On this week’s Shouts From the Back Row podcast, we covered the subject of movies “based on a true story”. We discussed a number of films which have made this claim and debated how “true” some of them really were. One of the most unique films of recent memory which as the “based on a true story” moniker is the 2008 heist thriller, The Bank Job. Here’s a story that we know is based on an event which actually happened, but there’s way to really verify the accuracy of what we’re seeing. The Bank Job tells the story of the infamous Baker Street Robbery from September 11, 1971, where a group of thieves tunneled into Lloyds Bank in central London and robbed the safety deposit boxes. These events have always been shrouded in a cloud of mystery because no one knows for certain what was stolen, who the thieves were, and if they got away with it. Different sources will tell you different stories about whether or not those responsible were brought to justice for the crime. Rumours abounded that this heist compelled the British government to issue a D-Notice, which is an official request to news editors to not publish or broadcast certain stories for reasons of national security. It’s been debated whether or not this D-Notice actually went through, but it would explain why details about the aftermath of the Baker Street Robbery are so murky. Whatever the case, the rumour about the D-Notice gave the makers of The Bank Job a lot of leverage with using dramatic license because even though many of the events in this film may not be true, it would be difficult to actually prove it.
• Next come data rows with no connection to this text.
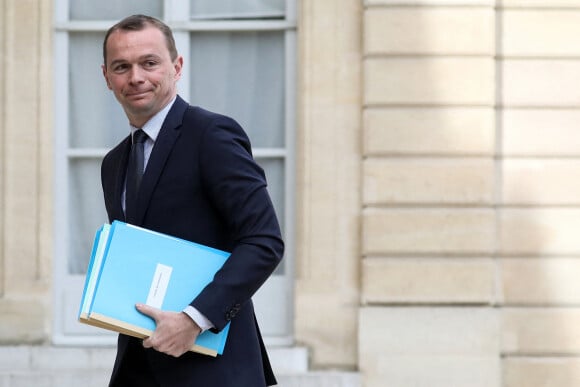 Olivier Dussopt, ministre délégué en charge des comptes publics à la sortie du conseil des ministres, au palais de l'Elysée, à Paris, France, le 28 avril 2022.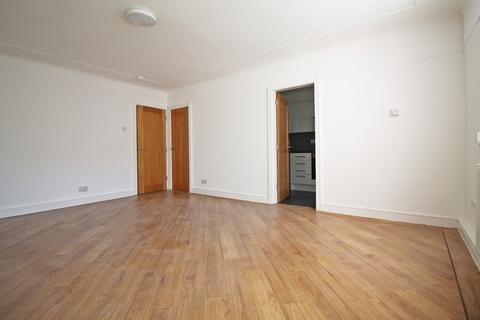 2 bedroom apartment to rent, Hale Court, Halebank Road, Widnes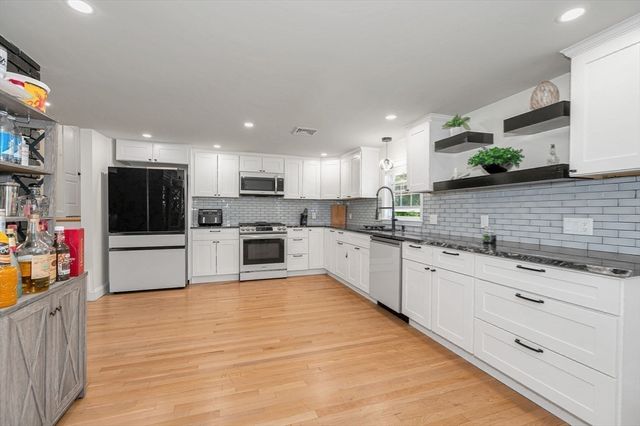 230 North St, Tewksbury, MA 01876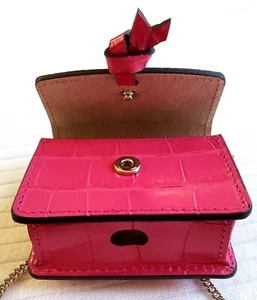 Nuevo estuche de cuero Kate Spade AirPods Pro en relieve con cadena bandolera extraíble - Imagen 1 de 5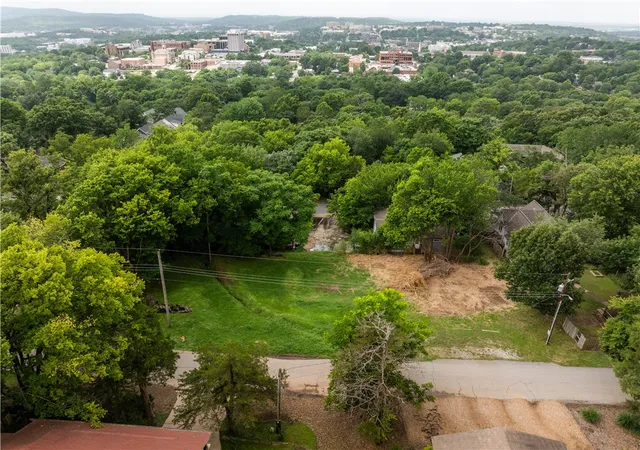 2nd image of 216 N Fletcher Ave, Fayetteville, AR 72701 | MLS# 1352533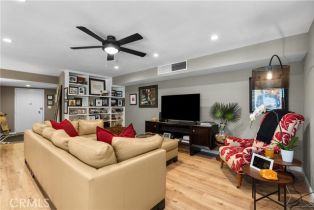 Condominium, 4647 Willis ave, Sherman Oaks, CA 91403 - 4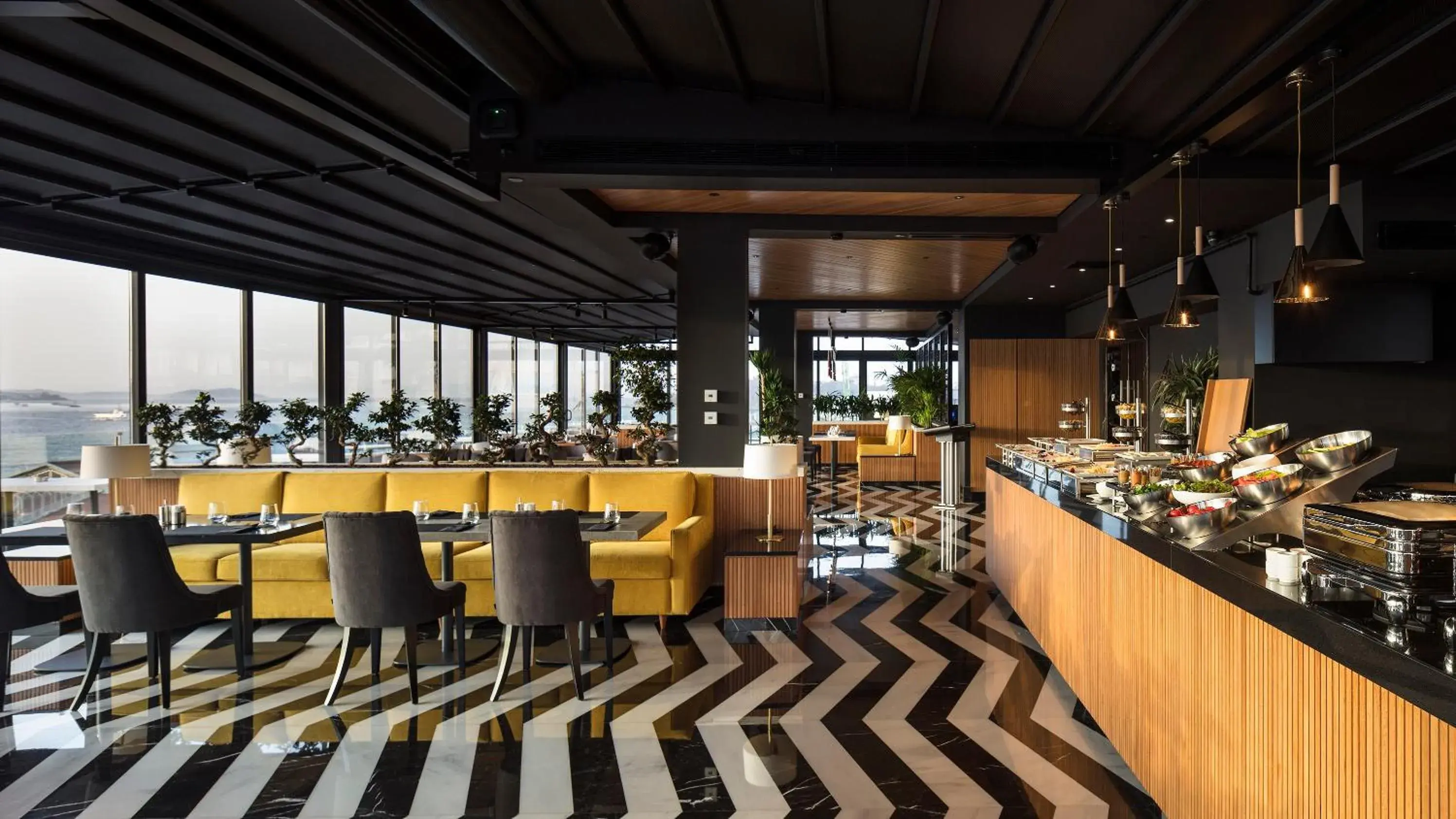 Restaurant/places to eat in Metropolitan Hotels Bosphorus - Special Category Restaurant/places to eat in Metropolitan Hotels Bosphorus - Special Category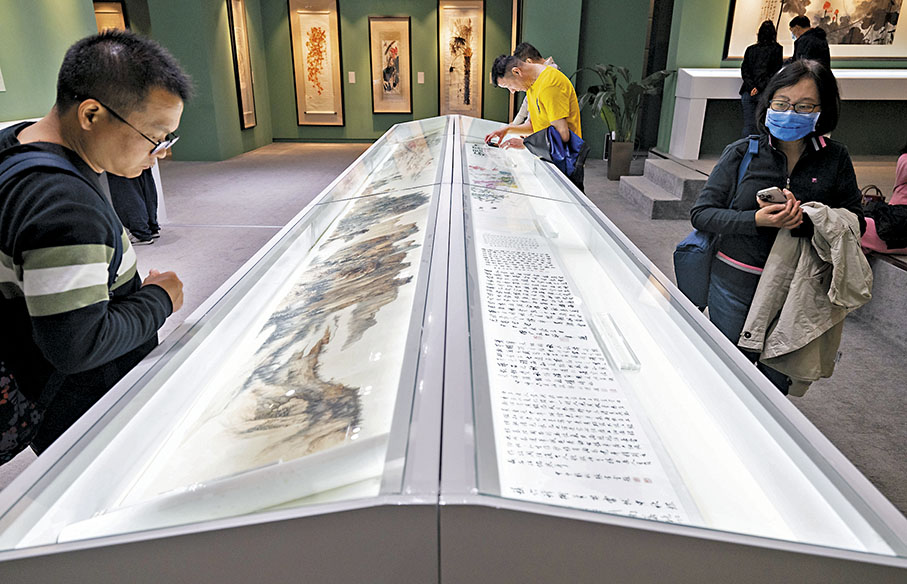 ◆4月13日，觀眾在北京榮寶齋欣賞「南張北齊——張大千齊白石書畫藝術特展」。  中新社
The Bank Job opens with secret photographs being taken of a prominent figure in a sexually compromising situation, and it s soon revealed that this figure is Princess Margaret. The man responsible for these photos is a powerful militant gangster named Michael X (Peter de Jersey), who plans to use them as blackmail bait in order to avoid a prison sentence. Michael X is keeping these photos in a safety deposit box at Lloyds Bank and MI5 is assigned the task of recovering them. An ambitious MI5 operative named Tim Everett (Richard Lintern) enlists the services of a woman named Martine Love (Saffron Bufrows) to assemble a crew to stage a robbery of the safety deposit boxes in Lloyds Bank. This way, MI5 can seize Michael X’s compromising photos and the public will just assume this was a routine heist. Martine approaches an old flame named Terry Leather (Jason Statham), a former thief who has gone straight. Terry now has a family and is running his own car dealership, but because he is in debt to a dangerous loan shark, he desperately needs the money, so he contacts his old criminal friends to pull off the heist. The crew’s plan is to lease a building close to Lloyds Bank and tunnel underground into their vault. They are unaware that MI5 is shadowing their every move, but since they are not officially sanctioning this operation, MI5 cannot intervene should the crew run into any trouble with the police.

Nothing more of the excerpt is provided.